Slack tries to look on the bright side of her daughter leaving the school she's attended since kindergarten. "She'll probably learn more because she's not around her friends so she'll probably get more work done and more homework done and pay attention more," said Slack.

"That's are good things. Those are pluses," Gill affirms, pointing out that Tyshawana will also benefit from a summer program. "She might have a nice, smooth transition."

"Hopefully, that's our goal!" Swlack replied.

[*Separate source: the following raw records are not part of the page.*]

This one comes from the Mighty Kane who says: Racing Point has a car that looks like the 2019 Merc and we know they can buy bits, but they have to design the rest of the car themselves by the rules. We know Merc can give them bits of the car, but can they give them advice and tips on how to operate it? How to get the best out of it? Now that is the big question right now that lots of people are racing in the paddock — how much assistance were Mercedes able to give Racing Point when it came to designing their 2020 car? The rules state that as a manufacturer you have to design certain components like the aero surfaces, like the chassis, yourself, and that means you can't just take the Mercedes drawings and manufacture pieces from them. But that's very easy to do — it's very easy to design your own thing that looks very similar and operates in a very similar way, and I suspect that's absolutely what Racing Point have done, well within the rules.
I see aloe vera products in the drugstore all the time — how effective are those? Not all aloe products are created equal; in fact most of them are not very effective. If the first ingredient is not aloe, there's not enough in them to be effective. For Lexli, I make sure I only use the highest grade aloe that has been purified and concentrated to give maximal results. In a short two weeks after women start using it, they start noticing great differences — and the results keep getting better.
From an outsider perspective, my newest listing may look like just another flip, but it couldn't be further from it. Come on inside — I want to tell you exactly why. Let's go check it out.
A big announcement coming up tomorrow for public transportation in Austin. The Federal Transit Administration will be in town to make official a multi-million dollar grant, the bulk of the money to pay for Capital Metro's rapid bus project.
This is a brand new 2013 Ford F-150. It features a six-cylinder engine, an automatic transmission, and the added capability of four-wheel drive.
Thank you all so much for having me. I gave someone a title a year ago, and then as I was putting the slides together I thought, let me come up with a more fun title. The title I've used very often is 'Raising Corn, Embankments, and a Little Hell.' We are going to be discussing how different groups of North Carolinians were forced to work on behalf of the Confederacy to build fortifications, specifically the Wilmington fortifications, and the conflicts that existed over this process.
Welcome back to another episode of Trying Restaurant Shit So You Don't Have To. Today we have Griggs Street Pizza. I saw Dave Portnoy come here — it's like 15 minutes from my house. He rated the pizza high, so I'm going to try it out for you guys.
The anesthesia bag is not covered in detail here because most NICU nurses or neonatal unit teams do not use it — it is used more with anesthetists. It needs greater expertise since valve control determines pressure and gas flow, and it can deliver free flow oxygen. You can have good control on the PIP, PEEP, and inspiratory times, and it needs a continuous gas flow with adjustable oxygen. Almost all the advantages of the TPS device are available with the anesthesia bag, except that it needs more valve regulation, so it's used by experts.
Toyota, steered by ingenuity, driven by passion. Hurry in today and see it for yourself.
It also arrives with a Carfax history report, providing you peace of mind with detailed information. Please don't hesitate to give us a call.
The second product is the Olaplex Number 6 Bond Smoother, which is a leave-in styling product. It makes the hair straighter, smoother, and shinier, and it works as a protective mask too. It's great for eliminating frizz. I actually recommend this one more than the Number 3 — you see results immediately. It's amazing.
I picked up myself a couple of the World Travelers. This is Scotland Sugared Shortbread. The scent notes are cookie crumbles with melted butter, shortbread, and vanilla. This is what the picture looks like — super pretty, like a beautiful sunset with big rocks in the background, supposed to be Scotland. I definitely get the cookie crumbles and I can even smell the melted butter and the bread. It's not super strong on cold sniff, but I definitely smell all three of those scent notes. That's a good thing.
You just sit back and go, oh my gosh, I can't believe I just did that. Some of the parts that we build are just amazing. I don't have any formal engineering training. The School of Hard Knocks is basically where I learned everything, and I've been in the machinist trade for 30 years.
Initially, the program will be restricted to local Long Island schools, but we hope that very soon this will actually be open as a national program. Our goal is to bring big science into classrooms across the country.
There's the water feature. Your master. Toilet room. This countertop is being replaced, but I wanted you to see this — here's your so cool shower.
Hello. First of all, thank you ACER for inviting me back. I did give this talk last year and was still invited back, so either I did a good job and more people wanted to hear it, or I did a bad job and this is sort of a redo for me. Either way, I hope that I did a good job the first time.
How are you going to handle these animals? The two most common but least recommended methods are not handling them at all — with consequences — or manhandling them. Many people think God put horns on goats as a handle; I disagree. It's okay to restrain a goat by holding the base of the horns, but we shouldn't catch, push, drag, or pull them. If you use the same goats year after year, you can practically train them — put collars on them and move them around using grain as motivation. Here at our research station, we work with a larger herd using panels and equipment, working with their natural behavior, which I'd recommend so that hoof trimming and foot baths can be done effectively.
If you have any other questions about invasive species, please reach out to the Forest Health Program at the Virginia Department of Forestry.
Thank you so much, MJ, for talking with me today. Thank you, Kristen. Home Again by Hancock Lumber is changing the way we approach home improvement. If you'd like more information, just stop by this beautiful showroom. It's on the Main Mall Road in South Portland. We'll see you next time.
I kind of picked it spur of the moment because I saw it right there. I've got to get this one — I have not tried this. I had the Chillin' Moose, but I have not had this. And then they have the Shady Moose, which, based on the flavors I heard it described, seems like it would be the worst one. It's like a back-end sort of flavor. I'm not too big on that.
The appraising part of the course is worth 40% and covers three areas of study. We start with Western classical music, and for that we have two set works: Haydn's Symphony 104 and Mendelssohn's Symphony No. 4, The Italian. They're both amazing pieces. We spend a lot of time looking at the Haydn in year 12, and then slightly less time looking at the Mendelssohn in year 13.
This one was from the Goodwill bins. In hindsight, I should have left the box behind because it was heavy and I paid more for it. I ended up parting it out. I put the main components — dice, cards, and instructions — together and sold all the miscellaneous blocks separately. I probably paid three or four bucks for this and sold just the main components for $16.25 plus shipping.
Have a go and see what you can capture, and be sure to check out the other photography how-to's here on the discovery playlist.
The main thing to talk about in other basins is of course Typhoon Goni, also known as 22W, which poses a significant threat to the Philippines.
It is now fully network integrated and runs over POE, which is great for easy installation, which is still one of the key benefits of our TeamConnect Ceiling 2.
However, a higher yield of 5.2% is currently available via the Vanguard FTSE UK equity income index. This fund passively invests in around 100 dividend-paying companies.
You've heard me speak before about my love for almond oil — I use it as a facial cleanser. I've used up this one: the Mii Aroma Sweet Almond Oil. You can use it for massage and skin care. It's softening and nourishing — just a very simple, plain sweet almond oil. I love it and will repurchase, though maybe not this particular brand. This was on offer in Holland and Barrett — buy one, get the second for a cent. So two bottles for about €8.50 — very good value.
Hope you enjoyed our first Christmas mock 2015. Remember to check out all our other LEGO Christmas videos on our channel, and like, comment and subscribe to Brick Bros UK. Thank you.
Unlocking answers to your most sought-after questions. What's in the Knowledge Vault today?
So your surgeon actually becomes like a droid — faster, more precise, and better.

Meanwhile, Slack has completed a nutrition class, a renter education class, and signed up for career training in hopes of getting a job doing office support. She's also looking for an apartment so she and her daughter can move out of her mother's house and have a place of their own before school starts.

"NAZ has got me motivated because I was just a couch potato, staying in the house and watching TV," said Slack.

"You're a rock star," Gill told her.

Gill said it's not NAZ's motivation, but Slack's own that made the difference.

"As long as she's successful, she'll make sure her baby is successful and that's what NAZ is about," said Gill.

A COMMUNITY WARY OF SOLUTIONS

NAZ President Sondra Samuels said the community is doing something for itself, which she hopes will allay skeptics' concerns that NAZ is yet another program coming in to "save" north Minneapolis.

"There have been so many promises made in the north side and so many initiatives started that failed or were thwarted and so many people whose hopes were dashed against the rocks. So I know that's real and I know that's in the background," said Samuels. "But we are working every day to gain the trust and to say we're not going anywhere. That's what we tell parents, in fact. You don't leave us, we're not leaving you."

The Northside Achievement Zone gives out T-shirts marked "College Graduate 2035", the year the last class is scheduled to graduate.

Its $28 million federal grant will last through 2016, and NAZ is working to raise philanthropic dollars to stay on the job.

The University of Minnesota and the Wilder Foundation will be monitoring results.

Results from last summer are encouraging. All the children who completed a summer program at Plymouth Christian Youth Center retained what they had learned from the previous school year, and 61 percent improved at least half a grade in reading. NAZ hopes this summer, at seven sites, 250 children will make similar gains.